Untuk itu Kepala Desa dengan persetujuan Badan Perwakilan Desa mempunyai
wewenang untuk melakukan perbuatan hukum dan mengadakan perjanjian yang saling
menguntungkan.
Sebagai perwujudan
demokrasi, di Desa di bentuk Badan Perwakilan Desa atau sebutan lain yang
sesuai dengan budaya yang berkembang di Desa yang bersangkutan, yang berfungsi
sebagai lembaga legislasi dan pengawasan dalam hal pelaksanaan Peraturan Desa,
Anggaran Pendapatan dan Belanja Desa, dan Keputusan Kepala Desa.
Di desa dibentuk
lembaga kemasyarakatan Desa lainnya sesuai dengan kebutuhan Desa. Lembaga
dimaksud merupakan mitra Pemerintah Desa dalam rangka pemberdayaan masyarakat
Desa. Desa memiliki sumber pembiayaan berupa pendapatan desa, bantuan
pemerintah dan Pemerintah Daerah, pendapatan lain-lain yang sah, sumbangan
pihak ketiga dan pinjaman Desa. Berdasarkan hak asal-usul Desa yang
besangkutan, Kepala Desa mempunyai wewenang untuk mendamaikan perkara/sengketa
dari para warganya.
Dalam upaya
meningkatkan dan mempercepat pelayanan kepada masyarakat yang bercirikan
perkotaan dibentuk Kelurahan sebagai unit Pemerintah Kelurahan yang berada di
dalam daerah Kabupaten dan/atau Daerah Kota.
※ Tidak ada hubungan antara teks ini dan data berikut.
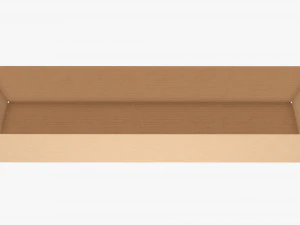 Long Shelf Tray Cardboard Box 3D Model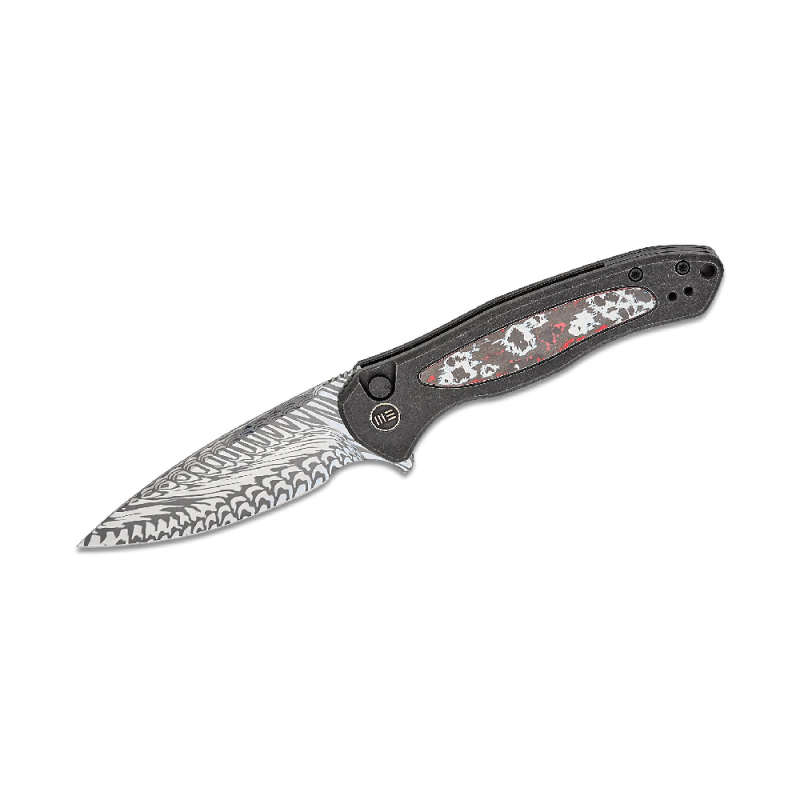 WE Limited Button Lock Kitefin Black Titanium Handle - WE19002N-DS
Sedangkan pada Undang-Undang
Republik Indonesia No. 32/2004 tentang Revisi Undang-Undang No. 22/1999
disebutkan:
- Kelurahan dibentuk di wilayah Kecamatan dengan Peraturan Daerah berpedoman pada Peraturan Pemerintah
- Kelurahan sebagaimana dimaksud pada ayat (1) dipimpin oleh Lurah yang dalam pelaksanaan tugasnya memperoleh pelimpahan dari Bupati/Walikota
- Selain tugas sebagaimana dimaksud pada ayat (2) lurah mempunyai tugas:
- Pelaksanaan kegiatan pemerintah kelurahan
- Pemberdayaan masyarakat
- Pelayanan masyarakat
- Penyelenggaraan ketentraman dan ketertiban umum
- Pemeliharaan prasarana dan fasilitas umum
4. Lurah sebagaimana
dimaksud pada ayat (2) diangkat oleh Bupati/Walikota atas usul Camat dari PNS
yang menguasai pengetahuan teknik pemerintahan dan memenuhi persyaratan sesuai
dengan peraturan perundang-undangan
5. Dalam melaksanakan
tugas sebagaimana dimaksud pada ayat (3), Lurah bertanggung jawab kepada
Bupati/Walikota melalui camat
6. Lurah dalam
melaksanakan tugas sebagaimana dimaksud dalam ayat (3) dibantu oleh perangkat
Kelurahan
7. Untuk kelancaran
tugas Lurah sebagaimana dimaksud ayat (3) dapat dibentuk lembaga lainnya sesuai
dengan kebutuhan yang ditetapkan oleh Peraturan daerah.
Menurut Peraturan
Pemerintah Nomor 72 Tahun 2005 tentang Desa, disebut bahwa Desa adalah kesatuan
masyarakat hukum yang memiliki batas-batas wilayah yang berwenang untuk
mengatur dan mengurus kepentingan masyarakat setempat, berdasarkan asal-usul
dan adat istiadat setempat yang diakui dan dihormati dalam sistem Pemerintahan
Negara Kesatuan Republik Indonesia.
Desa bukanlah bawahan
kecamatan, karena kecamatan merupakan bagian dari perangkat daerah
kabupaten/kota, dan desa bukan merupakan bagian dari perangkat daerah. Berbeda
dengan Kelurahan, Desa memiliki hak mengatur wilayahnya lebih luas. Namun dalam
perkembangannya, sebuah desa dapat diubah statusnya menjadi kelurahan.